Wondering why aluminum prices have pulled back from highs of $2,200 per metric ton on the LME?
After all the hype about environmentally driven smelter closures in China this year and the additional curtailments to be forced on the market in certain provinces during the winter heating seasons, most were expecting the run up in prices to hold steady (at least during the winter period).
In practice, although prices have made impressive gains from lows of $1,700 per ton earlier this year to five-year highs of over $2,200 per metric ton, it was largely on the pretext of constrained primary metal supply that it is beginning to become apparent is not happening.
According to China’s National Bureau of Statistics (admittedly not the most reliable of sources) Reuters reports China’s aluminum smelters churned out 2.35 million metric tons of the metal in November, down 7.8% from 2.55 million tons in October and down 16.8% from a year ago.
In reality, while headline smelter capacity has been closed, new planned capacity has continued to quietly come onstream.

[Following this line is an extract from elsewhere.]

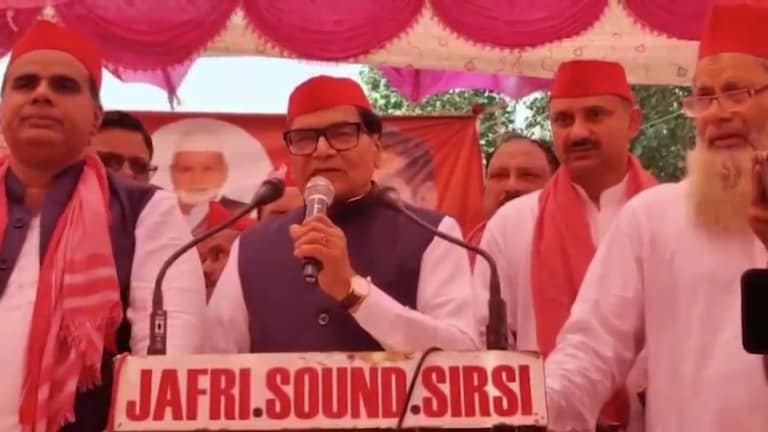 ऑपरेशन सिंदूर की स्टार व्योमिका सिंह की जाति पर ये क्या बोल गए रामगोपाल यादव! मचा बवाल Ramgopal Yadav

By the end of 2017, 4 million metric tons of new capacity across 25 expansion projects is projected to come online according to Aluminium Insider. In 2018, an additional 3.2 million metric tons per annum in 18 projects is expected to be commissioned.
Further out, expansion projects are expected to fall off significantly in 2019 and beyond, dragging down medium-term production growth; however, any significant impact on prices is more likely to be into the next decade as a result.

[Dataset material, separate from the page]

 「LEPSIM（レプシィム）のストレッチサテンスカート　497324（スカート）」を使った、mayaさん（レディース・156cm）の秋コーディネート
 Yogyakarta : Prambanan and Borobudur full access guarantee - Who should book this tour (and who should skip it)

The run up in prices had been all about China. The rest of the world has been in deficit for a couple of years. Indeed, the World Bureau of Metal Statistics says in its most recent report that 2017’s deficit doubled from 2016, but some 3 million tons of Chinese semi-finished exports mean the global market for wrought aluminum products has been well supplied.
Interestingly while LME prices have pulled back over the last month, semi-finished prices have remained stubbornly resistant to significant weakening, driven by strong demand and full mill order books.
For the first time in some years, strong GDP growth and solid demand across the U.S., Europe and Asia have seen semi-finished product mill order books extend. As a result, mill premiums have risen, even as primary metal prices have eased. With some mills sold out until well into the second quarter, this situation is not expected to ease anytime soon; metal availability could become an issue in the first half of next year.
Consumers may be advised to forward order at fixed premiums, but floating underlying metal price to avoid further rises in conversion premiums while still taking advantage of any weakening in the LME.